ASSIGNMENT:
In the listing below, how many lines contain the word "Party"? Answer with the number alone.

*** DATA Section Begins ***

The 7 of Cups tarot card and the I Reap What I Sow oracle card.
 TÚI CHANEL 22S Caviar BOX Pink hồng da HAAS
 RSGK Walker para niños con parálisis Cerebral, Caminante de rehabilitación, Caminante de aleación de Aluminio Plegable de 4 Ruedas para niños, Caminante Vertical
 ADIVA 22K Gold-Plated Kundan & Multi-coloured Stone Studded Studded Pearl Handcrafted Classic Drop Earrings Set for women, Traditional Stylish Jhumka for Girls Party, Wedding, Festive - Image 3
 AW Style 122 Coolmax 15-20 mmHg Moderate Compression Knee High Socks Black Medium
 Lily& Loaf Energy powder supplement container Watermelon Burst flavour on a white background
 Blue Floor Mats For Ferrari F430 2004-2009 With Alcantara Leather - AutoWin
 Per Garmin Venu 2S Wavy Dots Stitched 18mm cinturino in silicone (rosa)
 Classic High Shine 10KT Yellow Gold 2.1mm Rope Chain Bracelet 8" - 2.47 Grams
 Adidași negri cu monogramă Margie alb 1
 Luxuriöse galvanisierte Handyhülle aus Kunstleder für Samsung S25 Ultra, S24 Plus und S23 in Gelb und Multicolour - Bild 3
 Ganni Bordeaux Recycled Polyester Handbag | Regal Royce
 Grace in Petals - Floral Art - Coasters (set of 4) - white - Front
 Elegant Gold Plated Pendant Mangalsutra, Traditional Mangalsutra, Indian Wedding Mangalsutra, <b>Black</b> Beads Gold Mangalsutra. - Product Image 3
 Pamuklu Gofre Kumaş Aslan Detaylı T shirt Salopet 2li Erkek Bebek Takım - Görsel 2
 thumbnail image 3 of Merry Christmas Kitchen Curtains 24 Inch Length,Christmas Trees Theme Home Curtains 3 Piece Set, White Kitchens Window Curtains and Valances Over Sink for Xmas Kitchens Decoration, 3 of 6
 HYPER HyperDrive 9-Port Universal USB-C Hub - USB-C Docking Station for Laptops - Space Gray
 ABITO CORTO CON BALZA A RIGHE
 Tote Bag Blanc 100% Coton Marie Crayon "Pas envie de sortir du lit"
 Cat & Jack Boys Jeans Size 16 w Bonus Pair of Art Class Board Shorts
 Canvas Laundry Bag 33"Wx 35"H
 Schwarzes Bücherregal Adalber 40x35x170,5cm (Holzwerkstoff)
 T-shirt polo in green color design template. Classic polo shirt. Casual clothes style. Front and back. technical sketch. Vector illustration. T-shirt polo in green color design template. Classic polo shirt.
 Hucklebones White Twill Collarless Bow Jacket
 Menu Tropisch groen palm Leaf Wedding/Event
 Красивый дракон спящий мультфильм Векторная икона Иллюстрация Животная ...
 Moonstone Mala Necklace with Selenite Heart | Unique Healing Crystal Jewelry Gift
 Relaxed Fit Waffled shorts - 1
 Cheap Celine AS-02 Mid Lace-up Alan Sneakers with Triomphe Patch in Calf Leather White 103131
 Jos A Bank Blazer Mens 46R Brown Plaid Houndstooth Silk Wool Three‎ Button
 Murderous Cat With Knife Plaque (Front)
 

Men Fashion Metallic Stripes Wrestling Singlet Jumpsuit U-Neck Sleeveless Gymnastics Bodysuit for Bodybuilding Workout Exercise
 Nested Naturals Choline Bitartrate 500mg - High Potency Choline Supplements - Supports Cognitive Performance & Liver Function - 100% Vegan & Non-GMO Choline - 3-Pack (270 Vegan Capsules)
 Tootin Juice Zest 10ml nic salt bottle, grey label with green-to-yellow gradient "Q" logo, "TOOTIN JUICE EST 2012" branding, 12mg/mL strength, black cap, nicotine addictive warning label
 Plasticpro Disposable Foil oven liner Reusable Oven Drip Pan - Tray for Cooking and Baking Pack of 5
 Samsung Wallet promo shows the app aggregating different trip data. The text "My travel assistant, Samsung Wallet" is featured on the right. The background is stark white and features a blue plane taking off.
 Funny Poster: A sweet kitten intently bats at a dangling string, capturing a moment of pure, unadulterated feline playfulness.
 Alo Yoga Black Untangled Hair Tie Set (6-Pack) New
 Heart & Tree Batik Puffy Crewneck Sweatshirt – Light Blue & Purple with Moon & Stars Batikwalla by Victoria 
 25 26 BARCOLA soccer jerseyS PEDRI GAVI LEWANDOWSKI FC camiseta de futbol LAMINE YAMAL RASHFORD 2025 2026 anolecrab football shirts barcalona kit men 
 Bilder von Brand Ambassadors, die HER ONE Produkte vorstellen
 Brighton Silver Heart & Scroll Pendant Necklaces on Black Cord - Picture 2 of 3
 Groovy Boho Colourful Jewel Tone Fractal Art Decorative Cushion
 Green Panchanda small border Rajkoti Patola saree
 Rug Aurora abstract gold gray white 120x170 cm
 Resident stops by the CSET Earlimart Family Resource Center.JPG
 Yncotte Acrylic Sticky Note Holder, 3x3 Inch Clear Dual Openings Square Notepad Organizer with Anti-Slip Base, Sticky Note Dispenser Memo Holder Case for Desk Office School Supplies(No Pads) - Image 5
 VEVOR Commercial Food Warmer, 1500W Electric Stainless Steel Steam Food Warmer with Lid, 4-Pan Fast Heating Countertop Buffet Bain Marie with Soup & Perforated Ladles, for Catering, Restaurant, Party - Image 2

*** DATA Section Ends ***

RESPONSE TO THE TASK:
2